Data section:
== Segment start ==

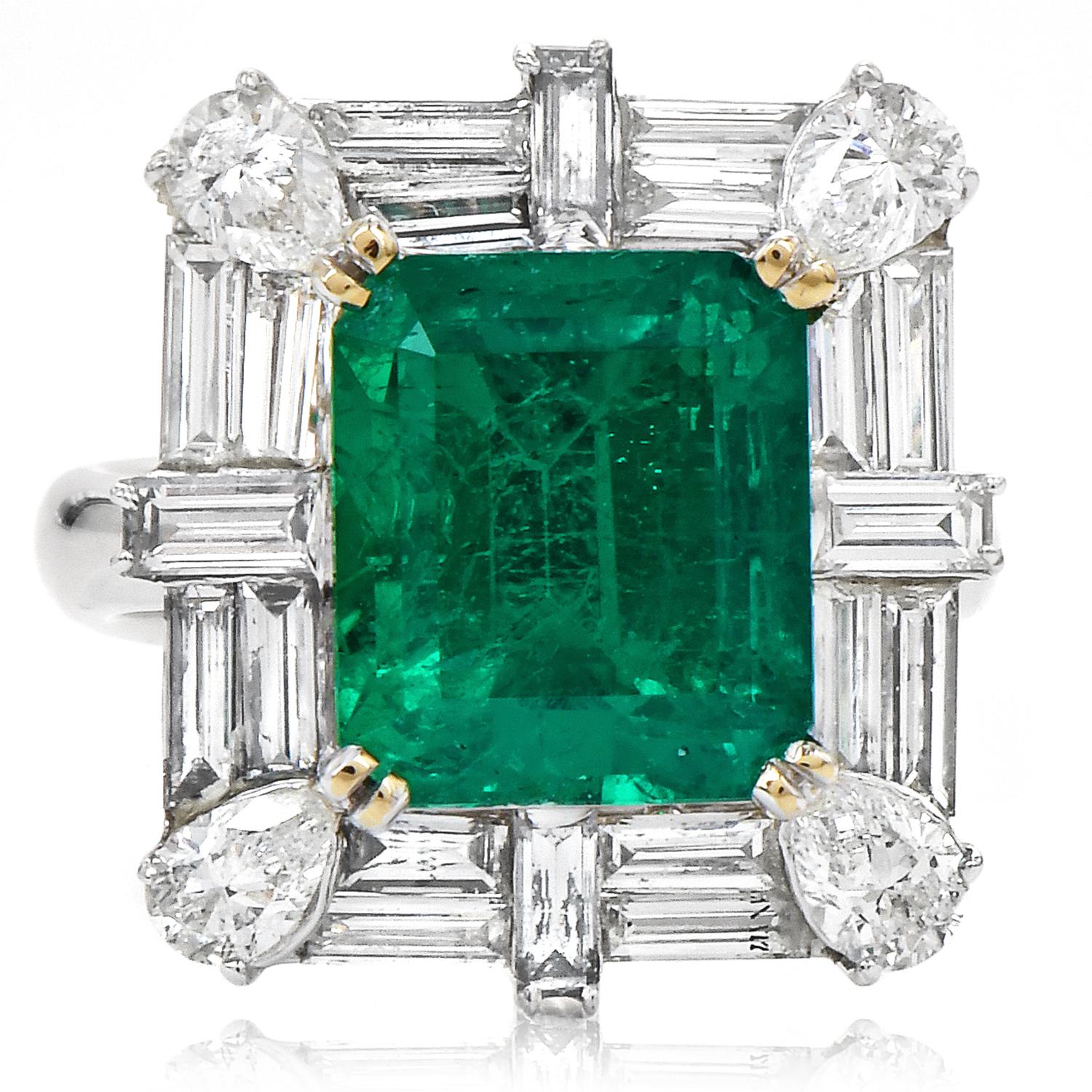 A Geometric RARE cocktail ring with an exquisite vibrant MUZO Colombian Emerald.

Crafted in solid 18K White Gold

This colorful ring is entered with a Certified Untreated Colombian Emerald, Octagonal Emerald Cut, Prong Set, 5.53 carats in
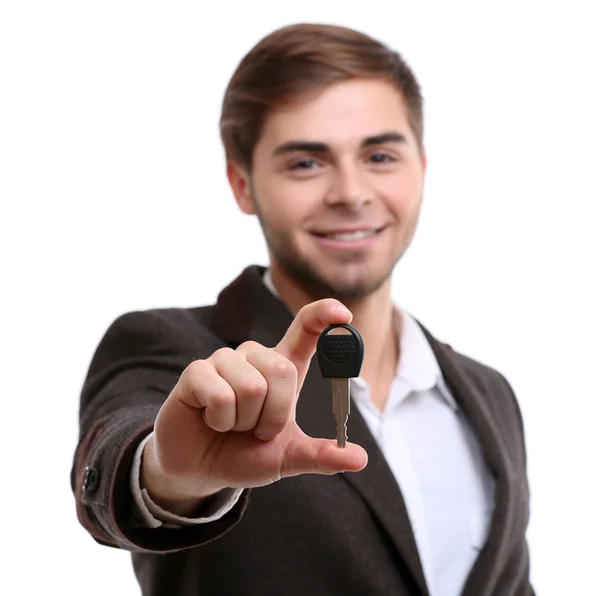 Businessman holding car key isolated on white — Stock Photo, Image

== Segment end ==

Directions for this task: What this calls for is a word-for-word copy of the listing above, pictures excluded.

The completed task:
 A Geometric RARE cocktail ring with an exquisite vibrant MUZO Colombian Emerald.

Crafted in solid 18K White Gold

This colorful ring is entered with a Certified Untreated Colombian Emerald, Octagonal Emerald Cut, Prong Set, 5.53 carats in
 Businessman holding car key isolated on white — Stock Photo, Image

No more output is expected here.